La nuova consiliatura si insedierà ufficialmente il 25 settembre. Dopo l’elezione del successore di Giovanni Legnini, su cui al momento regna l’incertezza, si procederà con la nomina dei componenti delle varie Commissioni e con l’elezione dei membri della Disciplinare. Questa Sezione si occupa in via esclusiva, in ossequio del principio costituzionale della giustizia “domestica”, dei procedimenti contro i magistrati promossi dal procuratore generale presso la Corte di Cassazione o dal ministro della Giustizia a cui la legge ha attribuito l’esercizio dell’azione disciplinare. I magistrati possono essere sanzionati solo per comportamenti “tipizzati”, cioè espressamente indicati dalle legge.
Prima della modifica dell’Ordinamento giudiziario, voluta dall’allora ministro della Giustizia Clemente Mastella, era presente una disposizione secondo cui “il magistrato, anche al di fuori dall’esercizio delle proprie funzioni, non deve tenere comportamenti, ancorché legittimi, che compromettano la credibilità personale, il prestigio e il decoro del magistrato o il prestigio dell’istituzione giudiziaria”.
Previsione che lasciava, com’è facilmente immaginabile, un grandissimo potere alla Sezione disciplinare chiamata di volta in volta a giudicare condotte in cui venivano messi sul banco degli imputati concetti legati alle sensibilità del momento, come il “prestigio” o il “decoro”.
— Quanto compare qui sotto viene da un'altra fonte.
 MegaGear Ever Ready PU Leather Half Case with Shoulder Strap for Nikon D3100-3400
Anche se i paletti attuali hanno ridotto i margini di discrezionalità, la Sezione disciplinare è ancora oggi il vero terrore dei magistrati. E’ sufficiente una sanzione per stoppare qualsiasi velleità di carriera. Non essendo previsto l’istituto delle riabilitazione, chi sbaglia è fuori. Ed questa la motivazione principale per cui i magistrati sono molto spesso “indulgenti” nei confronti dei colleghi che sbagliano. Gli illeciti più frequenti, a titolo statistico, sono le scarcerazioni fuori dai termini, il ritardo nel deposito di un provvedimento, il ritardo nell’iscrizione di una notizia di reato, la mancata astensione. Tornado alla Sezione disciplinare, questa è composta da sei membri: il vicepresidente del Csm e cinque componenti eletti dallo stesso Consiglio. Tra questi, un componente laico, un magistrato di Cassazione con effettive funzioni di legittimità, tre magistrati di merito. Con la rinuncia di Davigo il posto di magistrato di Cassazione toccherà obbligatoriamente a Loredana Miccichè ( Magistratura indipendente) in quanto sono solo due le toghe di legittimità elette al Csm. Non accettando la Sezione disciplinare, per Davigo si spalancherebbero le porte della Commissione per gli incarichi direttivi.
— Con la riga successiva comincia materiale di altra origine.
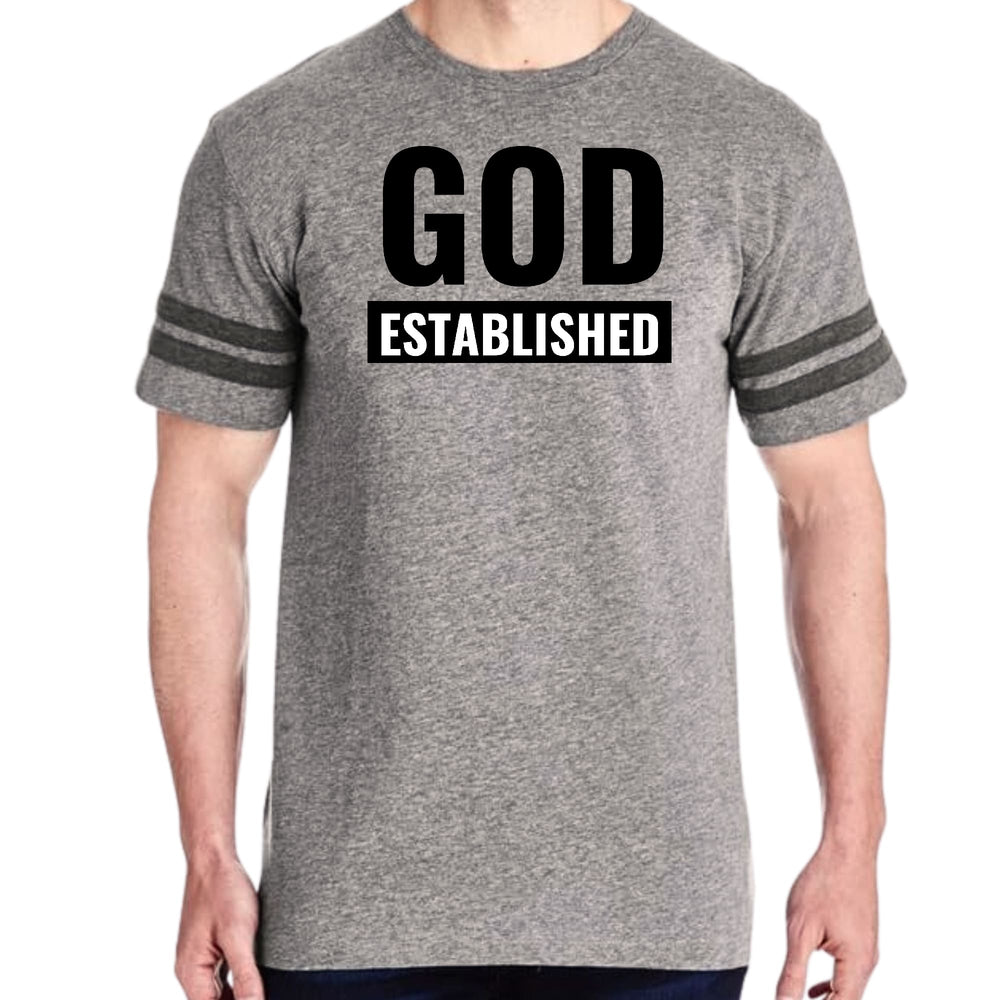 Mens Vintage Sport Graphic T-shirt God Established - Mens/T-Shirts/Vintage Sport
La potentissima Quinta commissione, quella che gestisce le nomine dei capi degli uffici e, quindi, il destino della politica giudiziaria del Paese. Rispetto alle nomine di questa consiliatura, circa mille, saranno poche quelle che verranno effettuate nel prossimo quadriennio. L’abbassamento dell’età pensionabile voluto dal Governo Renzi creò centinaia di scoperture che sono state quasi tutte ripianate in questi anni. Le future nomine saranno però di “peso”. Una su tutte, quella del nuovo procuratore della Capitale, posto che sarà lasciato libero da Giuseppe Pignatone, per raggiunti limiti di età, la prossima primavera. Il vero spauracchio per i capi sarà, quindi, la riconferma nell’incarico. I vertici degli uffici, con l’introduzione del principio della temporaneità della funzione, restano in carica per quattro anni. Prorogabili, per una sola volta, di altri quattro. Fino ad oggi un passaggio dall’esito scontato in quanto non esiste un direttivo che non sia rimasto in sella per tutti gli otto anni. Fra i cavalli di battaglia che hanno portato al trionfo di Davigo alle elezioni del Csm vi è stata la lotta alla “lottizzazione” dei vertici degli uffici. Molti posti sarebbero stati assegnati dopo accordi sottobanco fra le correnti dell’Anm, senza tener conto del merito effettivo del candidato. Con l’indiscusso peso mediatico di Davigo, appoggiato apertamente da importanti network nazionali, sarà difficile contestare una sua “palla nera” alla riconferma di un procuratore o di un presidente di Tribunale. Chi oserà mettere in discussione il suo giudizio? La resa dei conti fra le toghe è alle porte.